▸ ABOUT THIS EXERCISE
Among the entries below, find the line with "MLS® A2261913 - 333" and the line with "Casa Cay West". Return exactly those lines and every line between them, but no pictures.

▸ AVAILABLE RECORDS
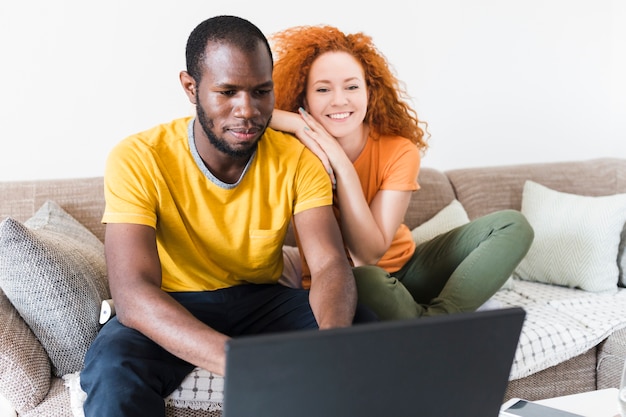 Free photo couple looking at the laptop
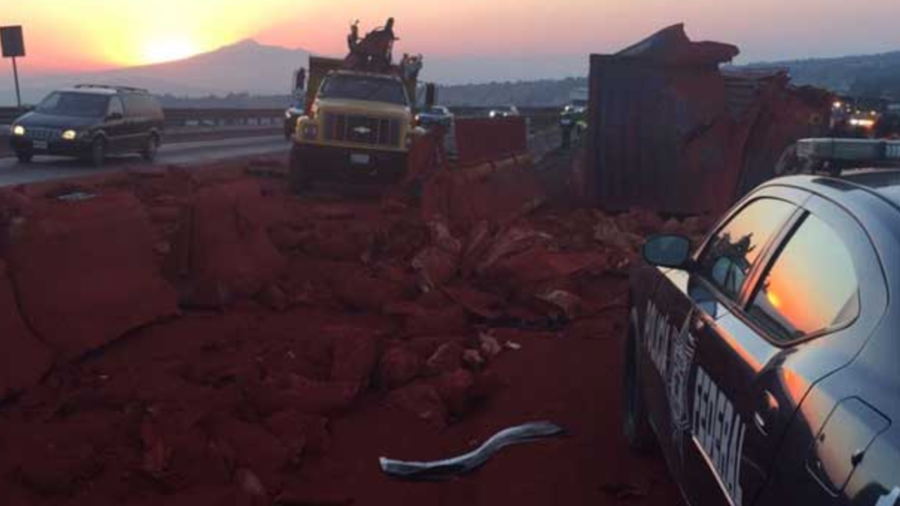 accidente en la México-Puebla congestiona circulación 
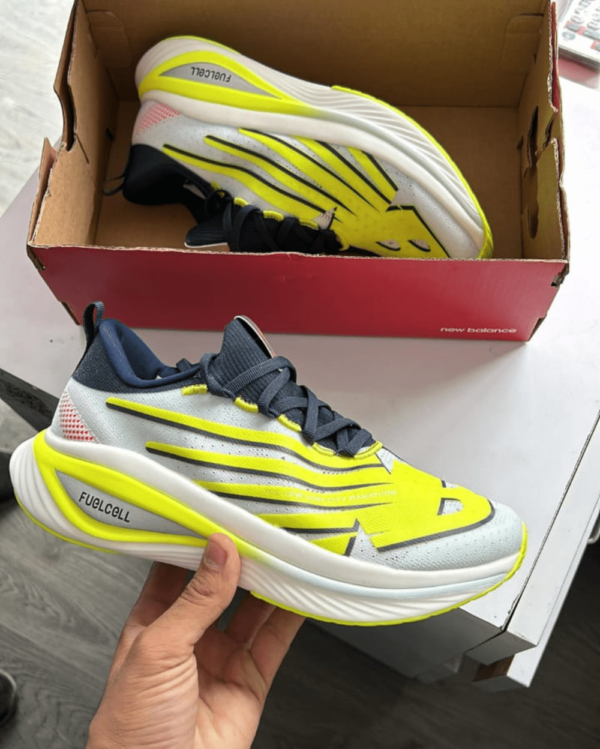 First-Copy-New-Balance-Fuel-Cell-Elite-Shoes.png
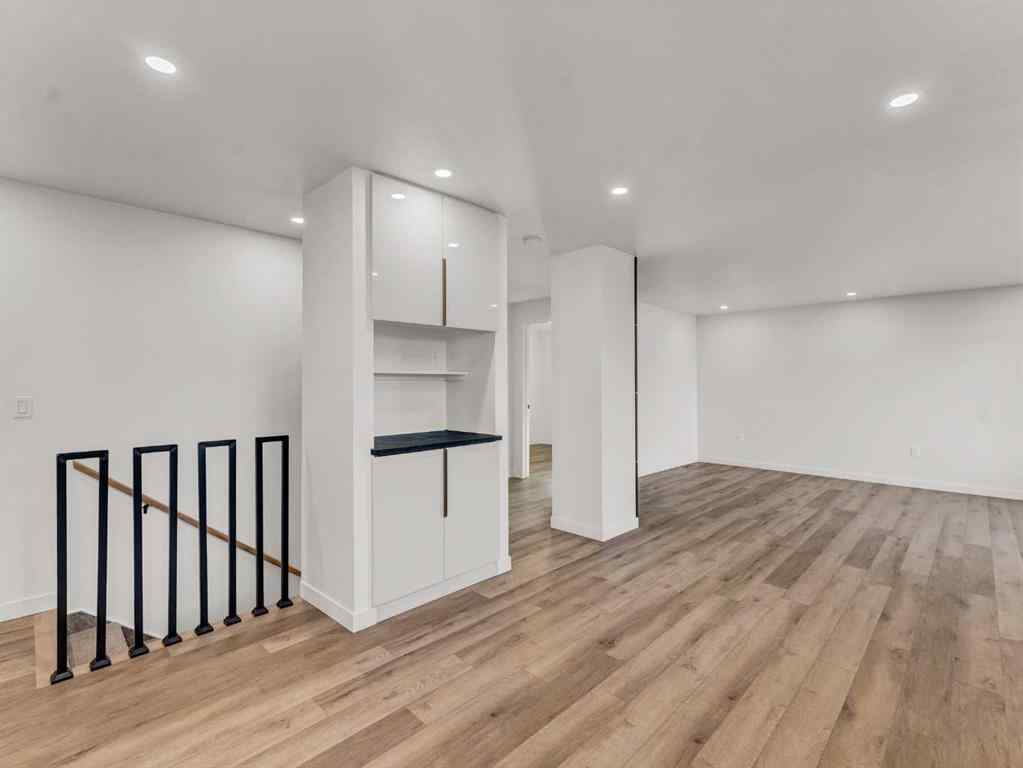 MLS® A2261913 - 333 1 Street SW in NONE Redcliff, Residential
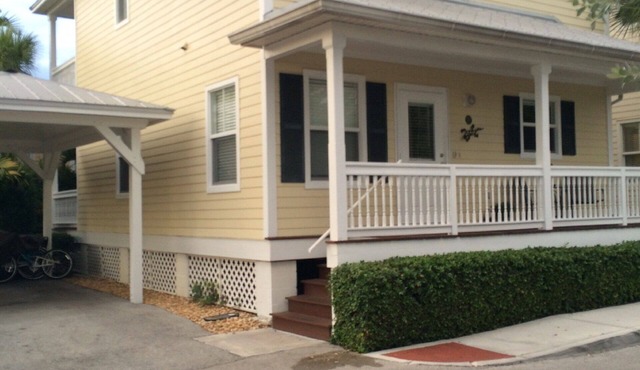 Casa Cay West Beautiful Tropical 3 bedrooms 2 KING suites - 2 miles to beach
...
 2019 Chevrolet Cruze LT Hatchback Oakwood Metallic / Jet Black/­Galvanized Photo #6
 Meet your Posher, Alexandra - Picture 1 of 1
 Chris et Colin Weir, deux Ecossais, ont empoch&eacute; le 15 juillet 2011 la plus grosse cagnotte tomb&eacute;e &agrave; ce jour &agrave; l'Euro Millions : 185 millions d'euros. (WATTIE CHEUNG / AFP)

▸ ANSWER SECTION
 MLS® A2261913 - 333 1 Street SW in NONE Redcliff, Residential
 Casa Cay West Beautiful Tropical 3 bedrooms 2 KING suites - 2 miles to beach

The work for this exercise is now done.